• [WHAT IS NEEDED] Transcribe the data that follows in full. Leave out the pictures.

=====

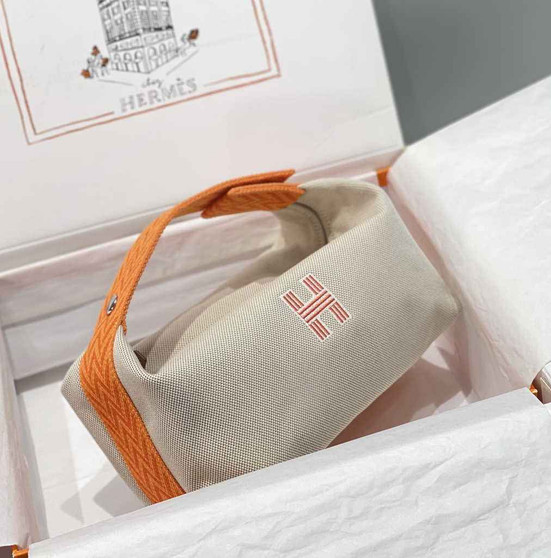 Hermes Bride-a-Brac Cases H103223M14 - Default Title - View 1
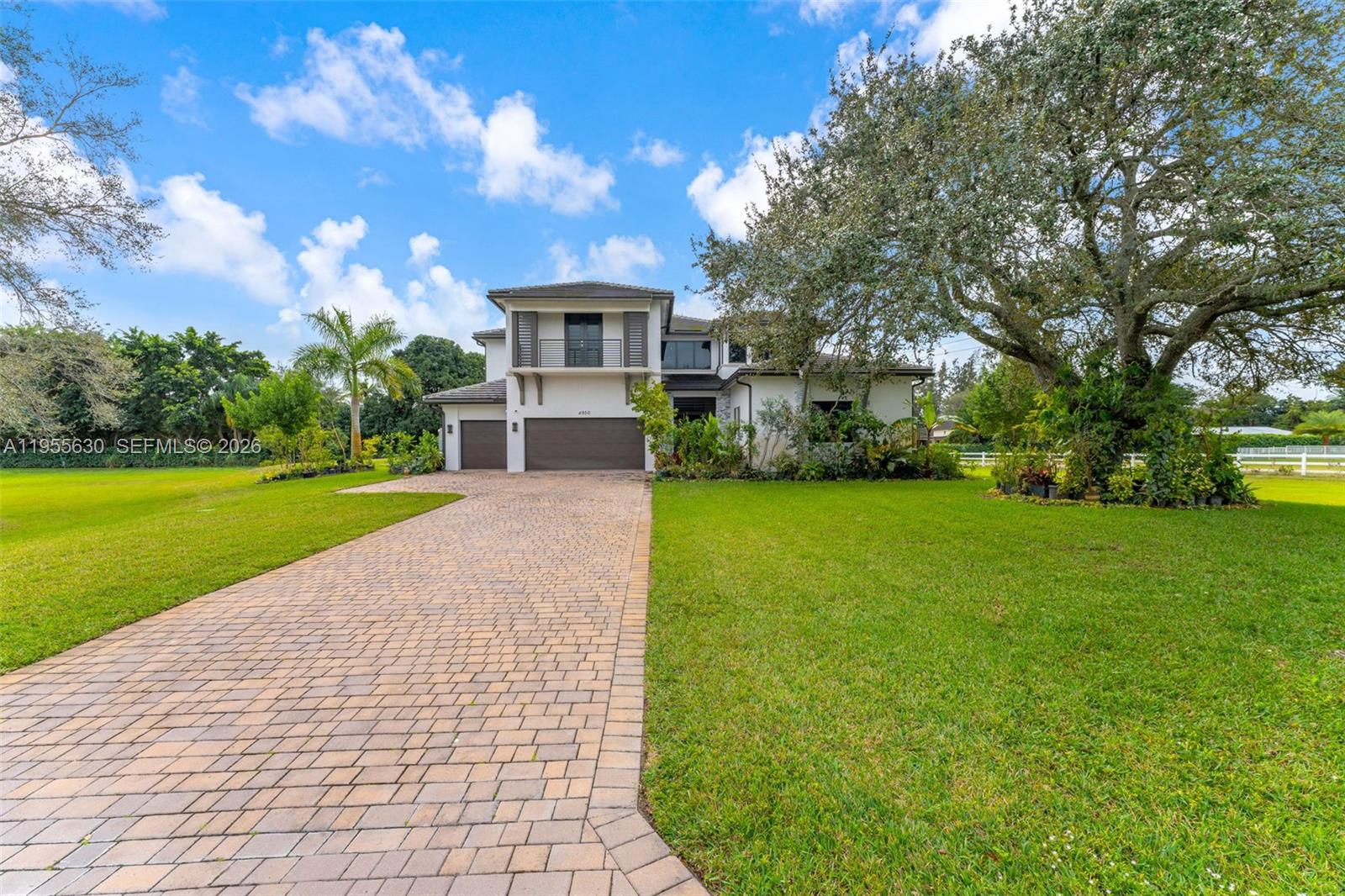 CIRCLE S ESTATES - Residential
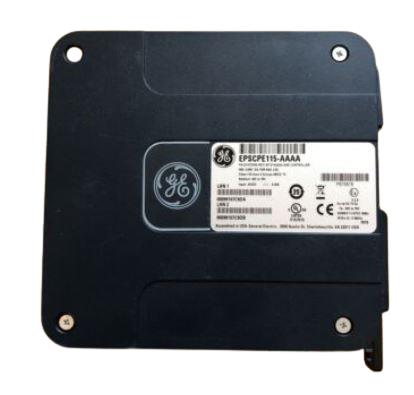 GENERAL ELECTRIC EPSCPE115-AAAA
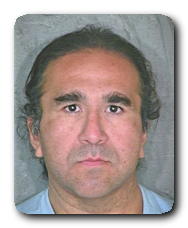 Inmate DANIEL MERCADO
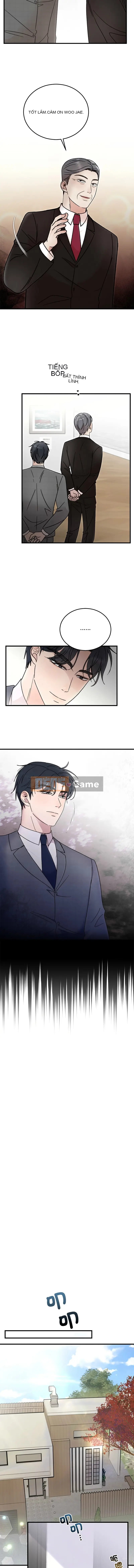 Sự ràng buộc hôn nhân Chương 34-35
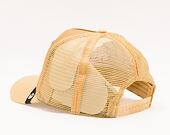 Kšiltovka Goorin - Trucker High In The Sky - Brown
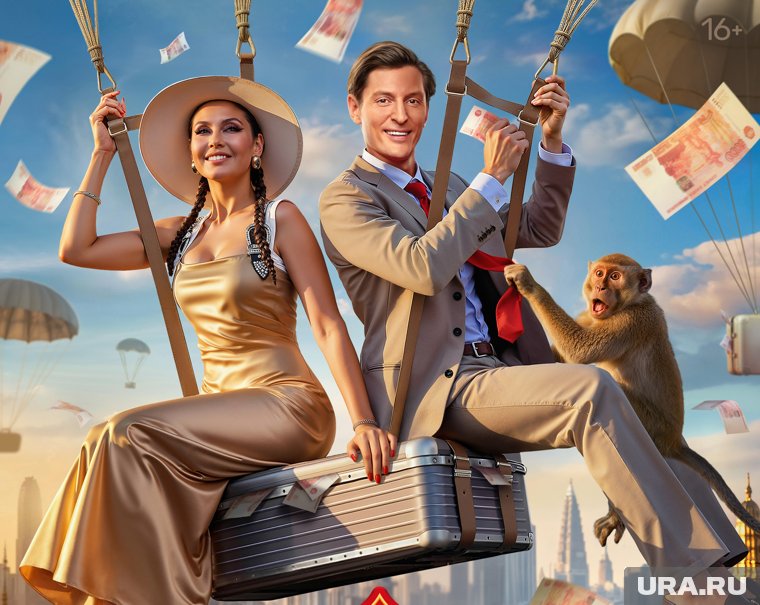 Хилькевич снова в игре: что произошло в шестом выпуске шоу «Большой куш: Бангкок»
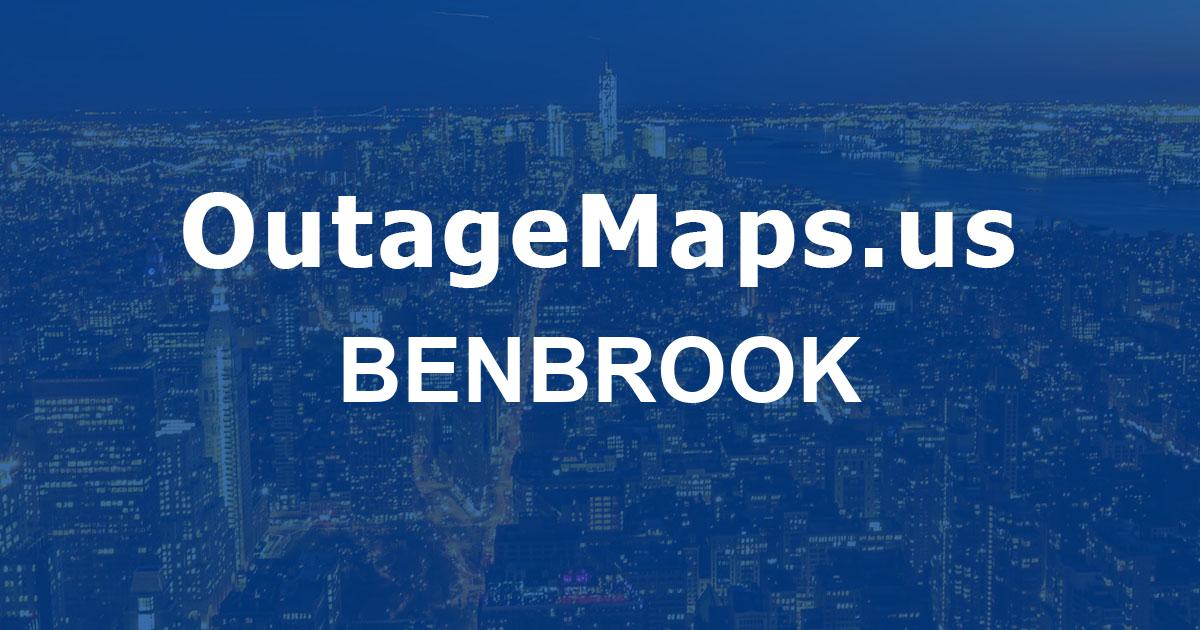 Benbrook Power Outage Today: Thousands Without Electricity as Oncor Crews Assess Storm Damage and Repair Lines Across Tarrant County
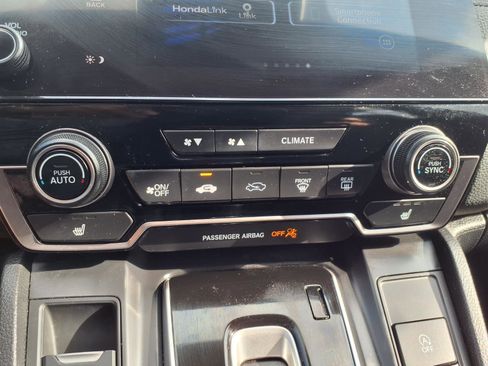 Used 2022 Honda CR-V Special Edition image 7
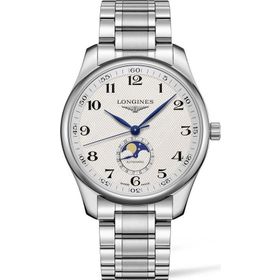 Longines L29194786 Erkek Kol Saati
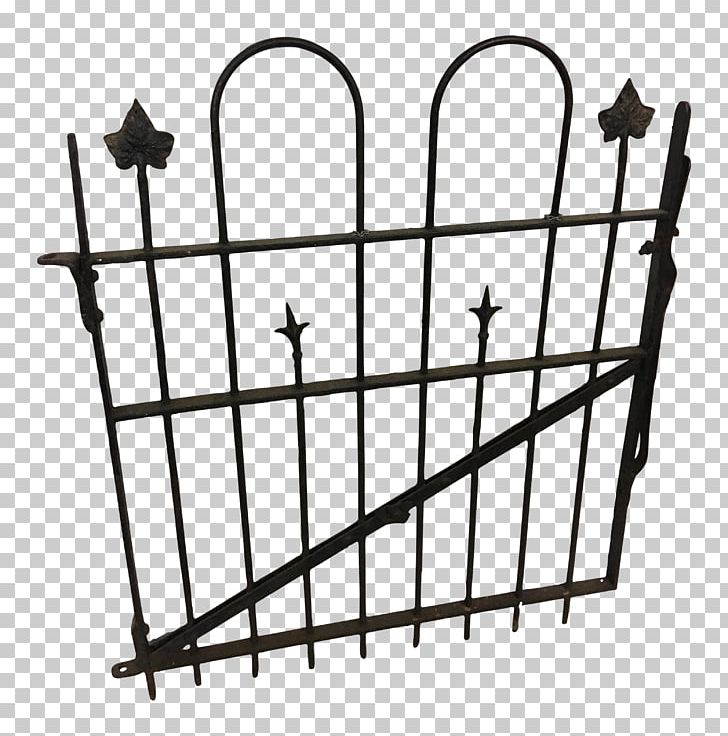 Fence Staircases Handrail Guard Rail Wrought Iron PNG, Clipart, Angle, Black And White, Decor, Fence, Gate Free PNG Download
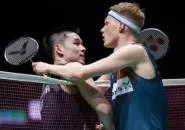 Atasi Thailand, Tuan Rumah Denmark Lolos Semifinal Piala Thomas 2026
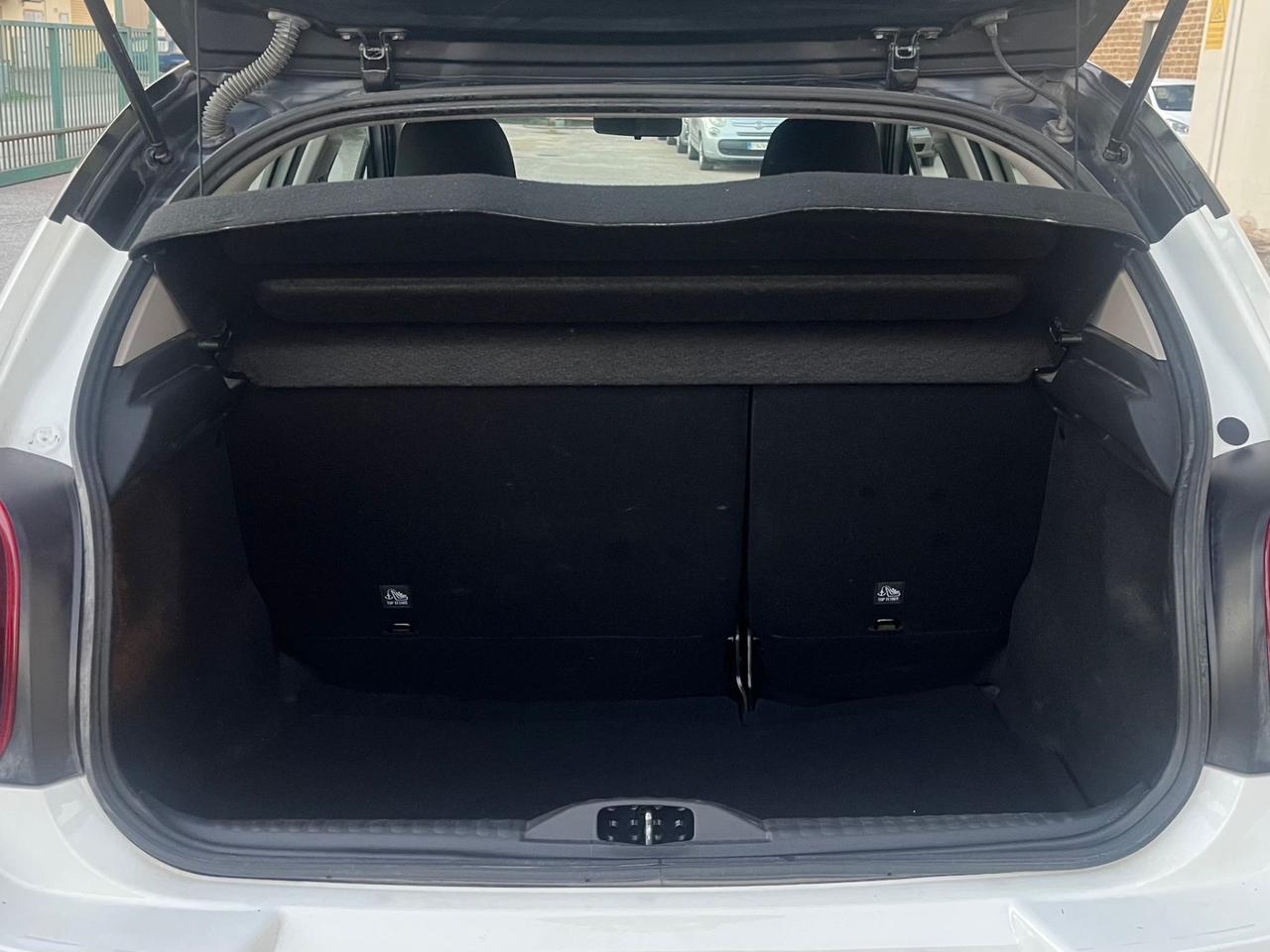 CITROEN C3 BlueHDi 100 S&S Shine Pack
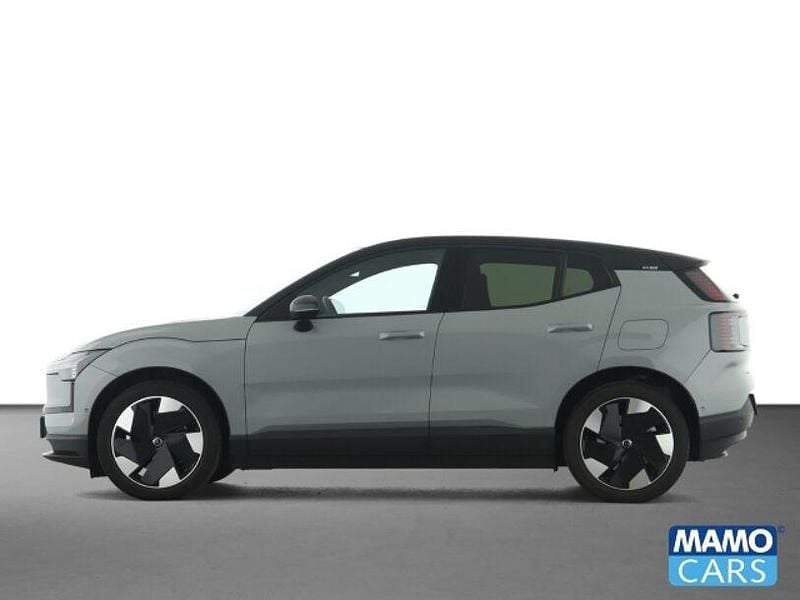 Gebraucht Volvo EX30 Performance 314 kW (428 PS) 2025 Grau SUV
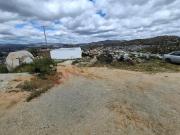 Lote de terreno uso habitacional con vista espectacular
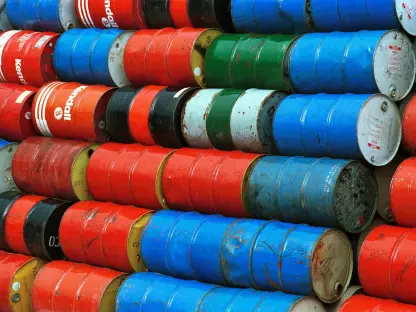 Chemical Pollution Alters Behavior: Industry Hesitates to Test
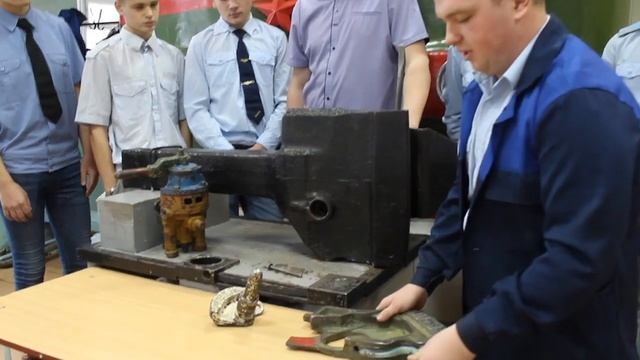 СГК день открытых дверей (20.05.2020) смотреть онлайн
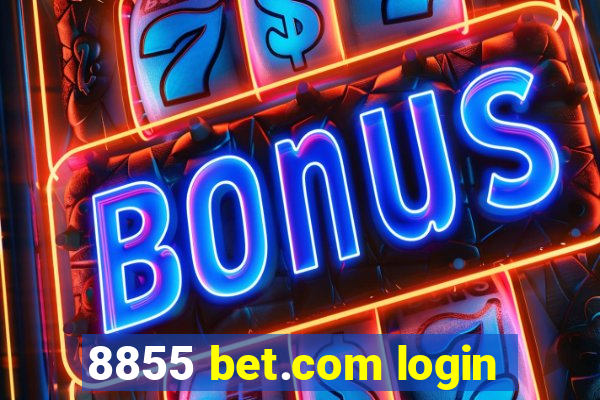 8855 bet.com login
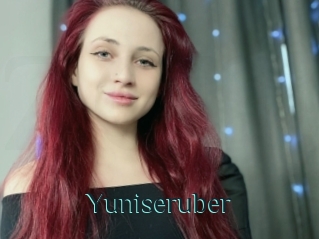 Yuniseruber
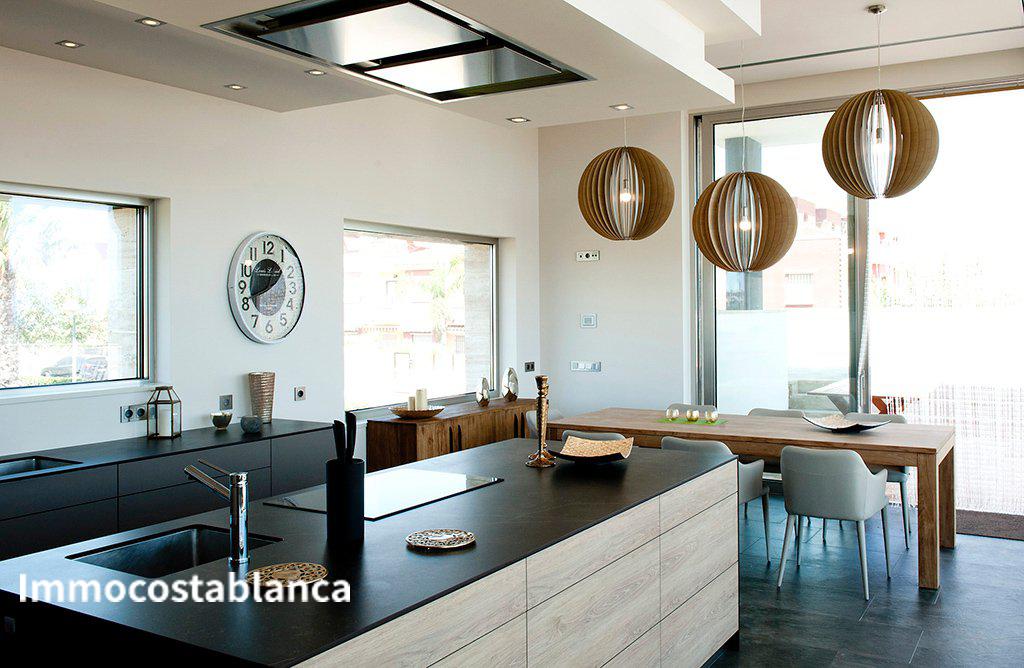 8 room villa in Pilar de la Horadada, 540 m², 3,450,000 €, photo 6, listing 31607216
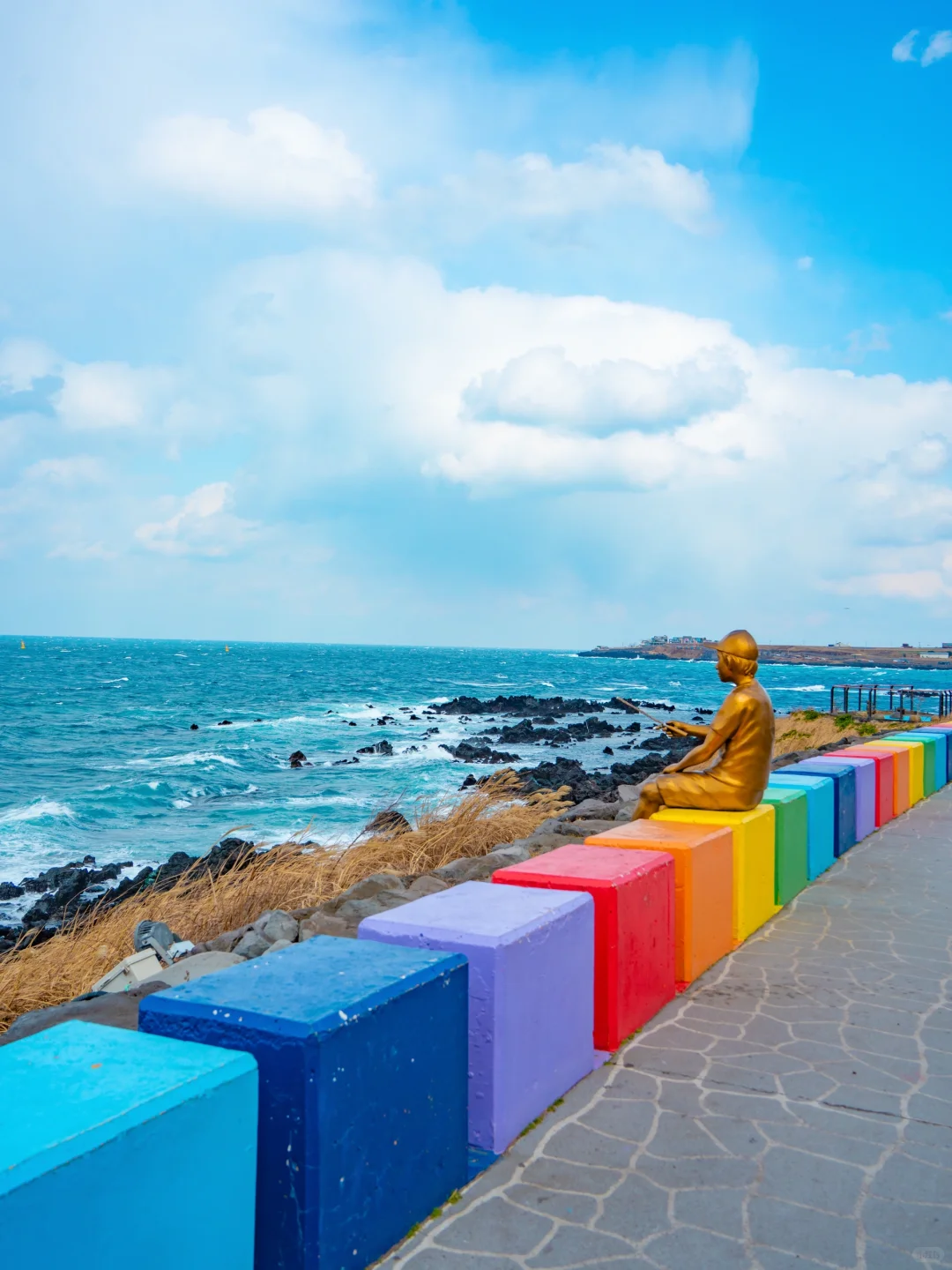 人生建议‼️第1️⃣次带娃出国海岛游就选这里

=====

• [THE ANSWER]
 Hermes Bride-a-Brac Cases H103223M14 - Default Title - View 1
 CIRCLE S ESTATES - Residential
 GENERAL ELECTRIC EPSCPE115-AAAA
 Inmate DANIEL MERCADO
 Sự ràng buộc hôn nhân Chương 34-35
 Kšiltovka Goorin - Trucker High In The Sky - Brown
 Хилькевич снова в игре: что произошло в шестом выпуске шоу «Большой куш: Бангкок»
 Benbrook Power Outage Today: Thousands Without Electricity as Oncor Crews Assess Storm Damage and Repair Lines Across Tarrant County
 Used 2022 Honda CR-V Special Edition image 7
 Longines L29194786 Erkek Kol Saati
 Fence Staircases Handrail Guard Rail Wrought Iron PNG, Clipart, Angle, Black And White, Decor, Fence, Gate Free PNG Download
 Atasi Thailand, Tuan Rumah Denmark Lolos Semifinal Piala Thomas 2026
 CITROEN C3 BlueHDi 100 S&S Shine Pack
 Gebraucht Volvo EX30 Performance 314 kW (428 PS) 2025 Grau SUV
 Lote de terreno uso habitacional con vista espectacular
 Chemical Pollution Alters Behavior: Industry Hesitates to Test
 СГК день открытых дверей (20.05.2020) смотреть онлайн
 8855 bet.com login
 Yuniseruber
 8 room villa in Pilar de la Horadada, 540 m², 3,450,000 €, photo 6, listing 31607216
 人生建议‼️第1️⃣次带娃出国海岛游就选这里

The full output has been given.